わたしが猫に蹴っとばされる理由

文学・芸術・哲学・思想の読書&鑑賞日記が中心ですが、雑食系なのでいろいろ取り上げてます。猫もいるよ♡

再起

 身体はつかれているはずでも目覚めてしまった。六時。花子は、今朝も外の様子がおかしいよ、と教えようとする。そんな鳴き方と表情だ。外からはすでに浸水した一階の方々の声が聞こえはじめた。水をかぶり使い物にならなくなった家財を外へ出し、掃除をはじめているらしい。各戸とも、オトウサンたちは会社を休んで家の片づけに専念することにした、と話している。がんばってくださいね、と励ましの声をかけるが、力にはなれない。いくら近所とは言え、よそのご家庭に入り込んであれこれ運び出すのは向こうも遠慮したいところだろう。自分にできるのは、やはり声をかけることと、マンション全体の設備復旧のためにあれこれ手配したり調整したりするくらいだ。
 七時、飲料水と野菜ジュースを買いに(後述するところとは別の)高台にあるコンビニへ。 
 十時、外出。打ち合わせのため、銀座のT社へ向かう。自宅から荻窪駅までの道、あちこちでマンションやビルの管理会社の人間が、泥の掃き出しで忙しそうに動いている。夕べの水に流された泥がうっすらと堆積している。道路と並行する向きに、しかし激しくうねりながら水が流れたことが土砂から読み取れる。土砂に混じって草木や植木鉢も転がっている。川沿いでは、溺れたのだろうか、鳩の死骸をカラスが食べていた。
 十三時、帰社。

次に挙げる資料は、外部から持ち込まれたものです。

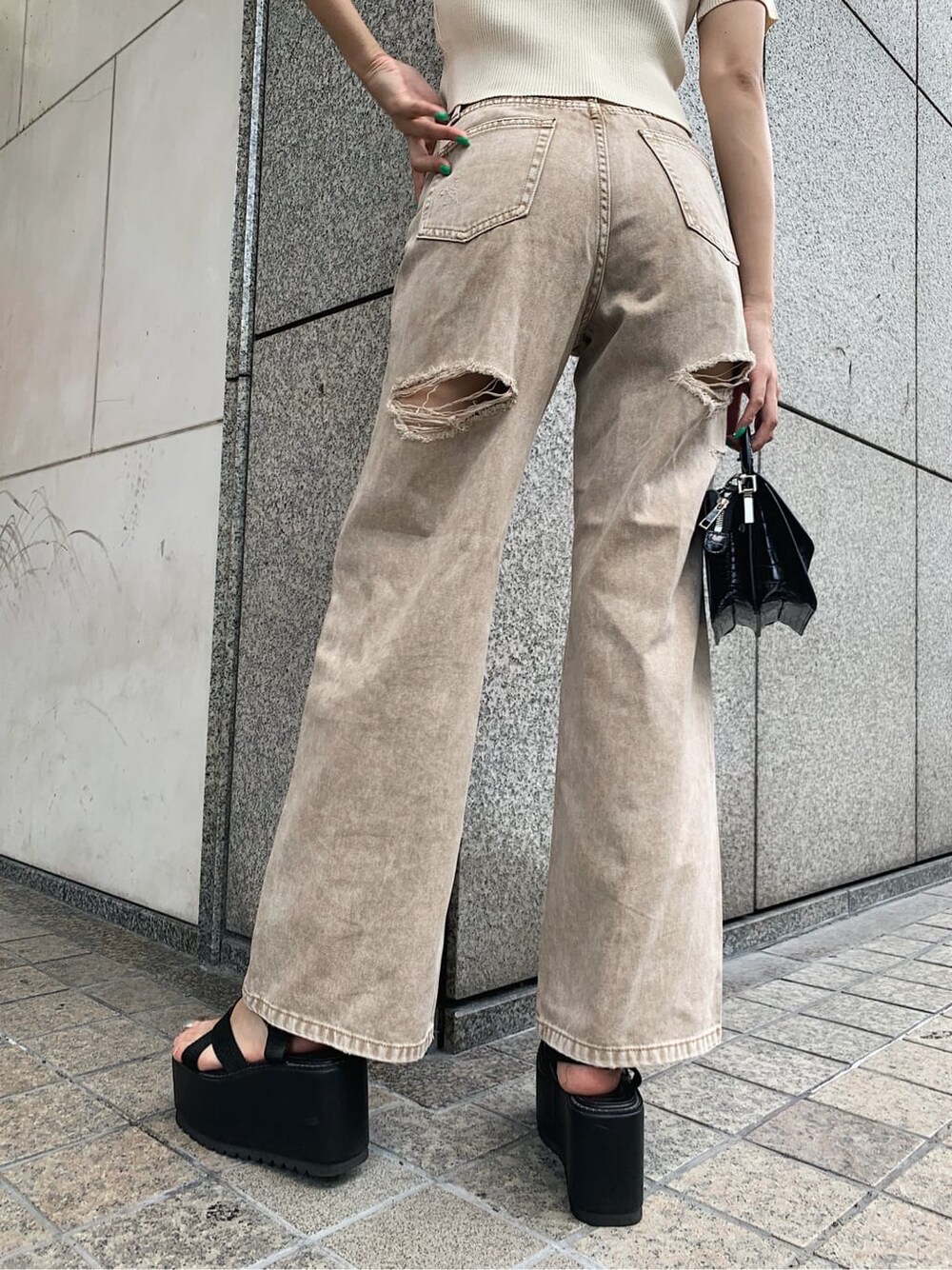 ブラック系のサンダル、ベージュ系のデニムパンツ、ホワイト系のニット/セーターを着用したレディースの夏コーディネートの5枚目の写真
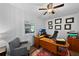 Home office with natural light, wood desk, ceiling fan and professional décor at 11927 Steppingstone Blvd, Tampa, FL 33635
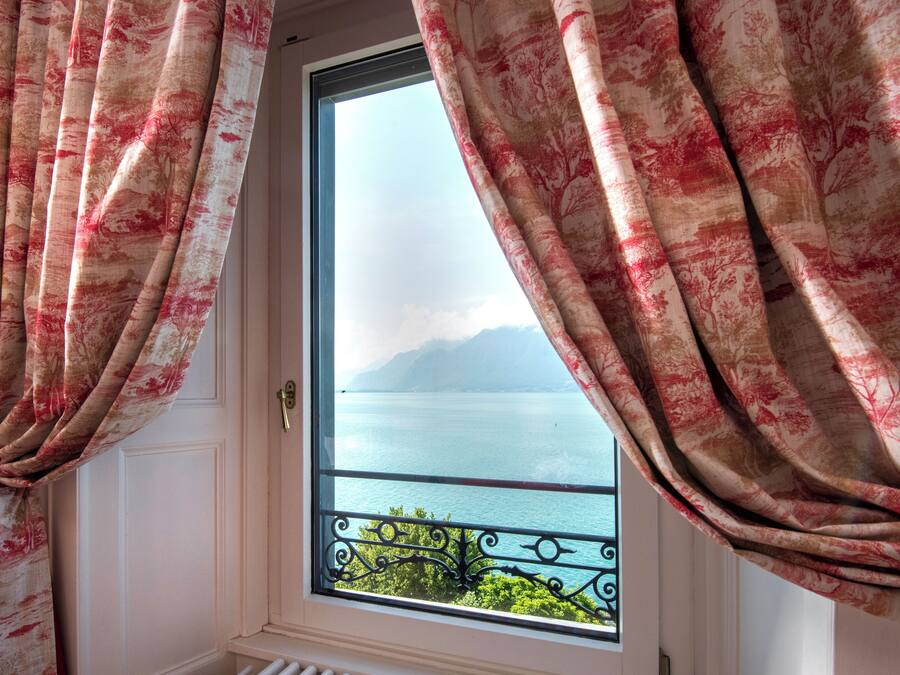 A window with curtains, a view of a body of water, and a balcony railing.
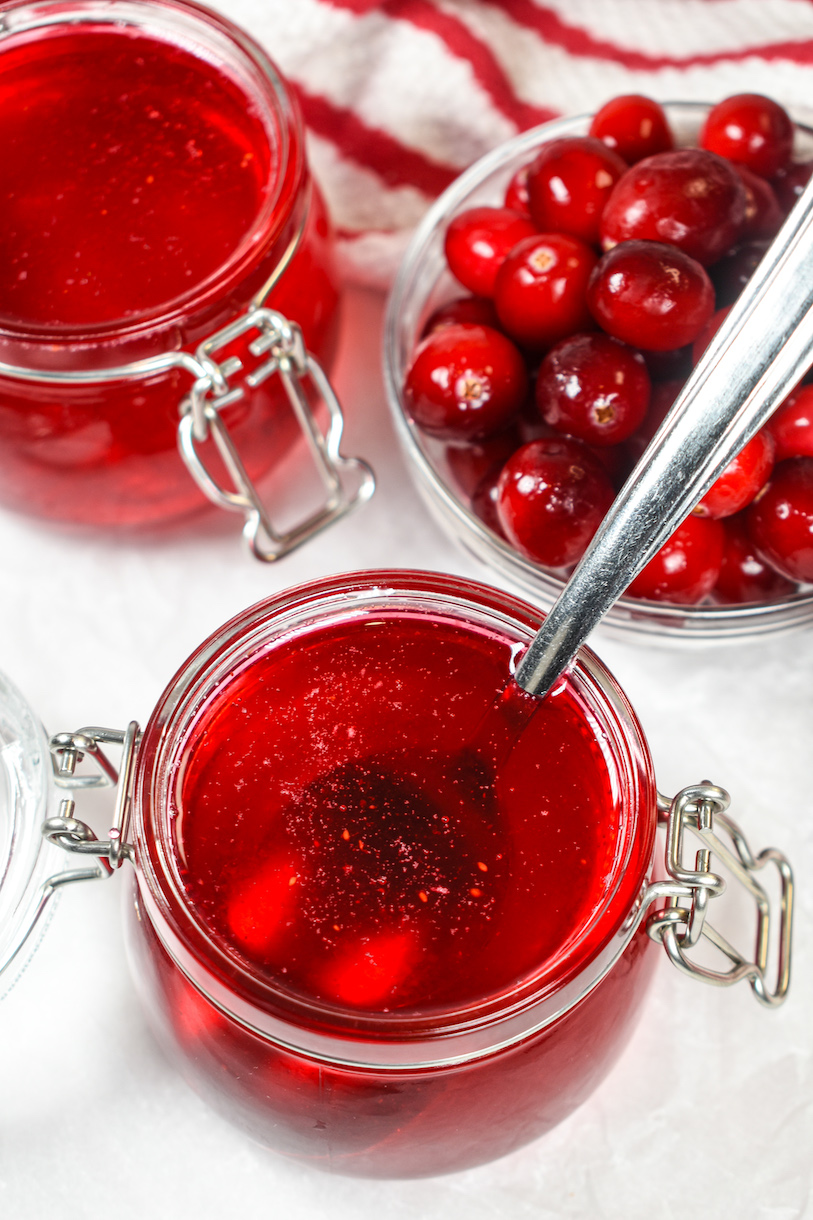 a jar of cranberry syrup and a dish of cranberries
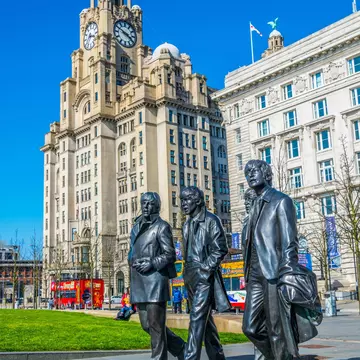 Statue of the Beatles in front of the royal liver building in Liverpool, England.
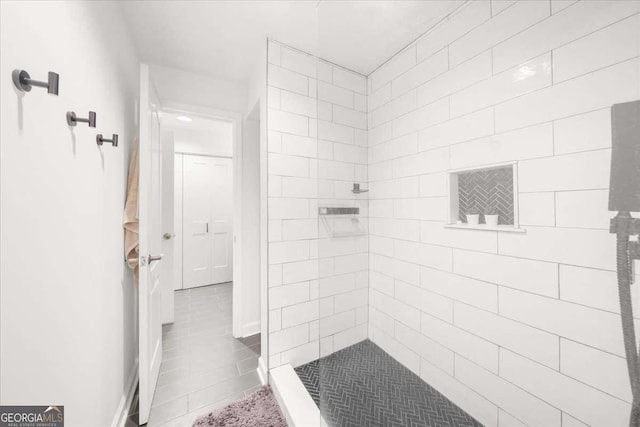 bathroom featuring a stall shower and tile patterned floors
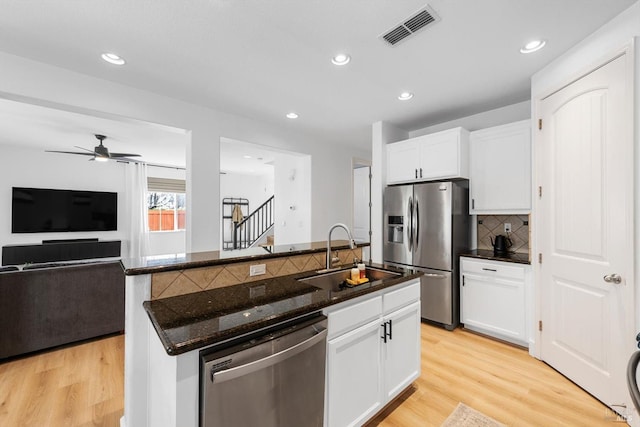 kitchen featuring stainless steel appliances, visible vents, a sink, dark stone countertops, and light wood-type flooring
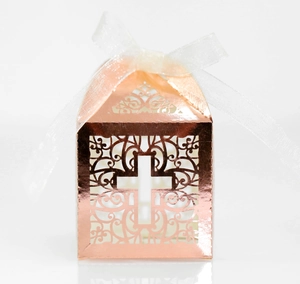 Macro view of rose gold hollow cross candy box with white organza ribbon bow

雨が降り出したので高架線下が歩ける西荻窪から帰ることにした。ガード下は生協のあたりで一度途切れる。左に折れると、そのまま傾斜のきつい坂が百メートル以上続く。その中間あたりの小さな交差点を右に曲がればわが家なのだが、曲がらずそのまままっすぐ歩いてみた。坂下、三分の二あたりに善福寺川が流れており、そこに架かる橋は昨夜水が橋の上すれすれまで上昇していたところだ。この近辺では、一番冠水浸水がひどかった場所ではないだろうか。道路の左右、路肩には故障して立ち往生したクルマがそのまま放置されている。ごみ捨て場には、すでにマットレスやら蒲団やらクッションやらソファやらカラーボックスやら、泥水をかぶり使い物にならなくなった家財道具、いや元家財道具の粗大ごみがうずたかく積み上げられている。坂はコンビニのあたりでもっとも低くなり、そこから先はまた上り坂になる。つまりコンビニあたりが一番窪地になっているから厄介だ。店員が大きなゴミ袋に商品を入れて、せっせと外へと運び出している。営業再開は当面先だろう。
 十五時ごろ、ようやく水道が復旧。台風が近づき、再度冠水の恐れもあるのでモーターの修理はあえてせず、水道管を直結することにしたらしい。貯水タンクを経由しないから、各戸が同時に大量に水を使うと出が悪くなるらしいが、応急処置としては上々だ。早速風呂に入ったら、気が抜けたのか強烈な睡魔に襲われた。少しだけ仕事をして、ひとまず休むことにする。そういえば、三時間程度しか寝ていない。
 
 野坂『東京小説』。依存型近親相姦。こういうのも野坂の得意分野。
 そういえば、野坂の文体って講談に似てるよなあ。